My grandfather put away money since the time I was a baby in the stock market for my college, but I used it to fulfill transportation, living expenses and a trade school instead *I had always wanted to be a barber — since the age of five* This, not surprisingly, was an unacceptable aspiration and, several years later, continued to be coaxed to finish a four-year-degree. This time, not only by my grandfather, but also my father and my younger brother and his wife.
To make an insanely long story short, I spent those 20+ years traveling, barbering *for 15 years total*, working in various administrative positions in various industries and had a blast, along the way, doing so. There’s one drawback: I have an extremely tiny retirement *my fault*, no benefits other than health insurance through my ex *not that I consider THAT a benefit — more so a necessity* and some of the best income produced of any field I worked in in the barbering industry, $6000/mo, to be exact. Not too shabby.
Still, the barber *out of work, currently* that I am, and the part-time entrepreneur *in another field* that I’ve become, my family still hounds me about that four-year college degree.
Now, I am no dummy. I can do math *citing reasons to be diswayed by bloated interest rates for student loans* and I know my personality. The biggest problem with regards to attending college or, shall I say, the biggest problemS with regards to attending college right now *for my personal situation* are the following:
– I cannot sit still through classes, much less sit still through four full years, more if I need to go part time.

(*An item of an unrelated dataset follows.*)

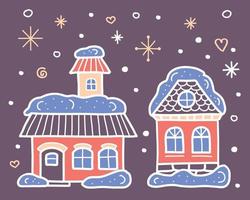 verschneite Weihnachtsnacht. gemütliche rosa häuser auf violettem hintergrund. Vektor-Illustration. vektor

– There’s not one major in college that I care to pursue. Not ONE.
– Not that I have anything against them, nor do I realize that all fall within this category, but I don’t want a white collar position. No offense to white collar workers. My whole family is white collar. I am the only one who isn’t.
– I can do math. I am not stupid. I know what I would need to repay for student loans after private, public or community colleges. I shudder with the thought of even having a debt of $5000. I don’t have credit card debt. I don’t own a credit card *my wisdom*. I have marginal medical debt *thank you, knee surgeries and asthma issues!*, but that only totals an amount in the ball park of $2000 — manageable, comparitively speaking. I don’t wish to repay loans once I hit the age when I begin drawing social security. I don’t qualify for a grant — still *legally* married, and I don’t qualify for academic scholarships, grades aren’t good enough, thanks to my high course withdrawal rate and F’s for failing to withdraw courses once I unofficially dropped them back in the late 80′s.
– I want to own a business when the opportunity arises and don’t see it as a possibility by taking out student loans. There’s no such thing as good debt/bad debt. It’s ALL debt and I’d rather be debt free once the time permits to apply for a small business loan.
So, there yo

admin answers:

You obviously don’t want to go to college. You need to be the one motivated to do it otherwise you’ll just end up failing out and being unhappy. Why don’t you pursue opening a barber shop?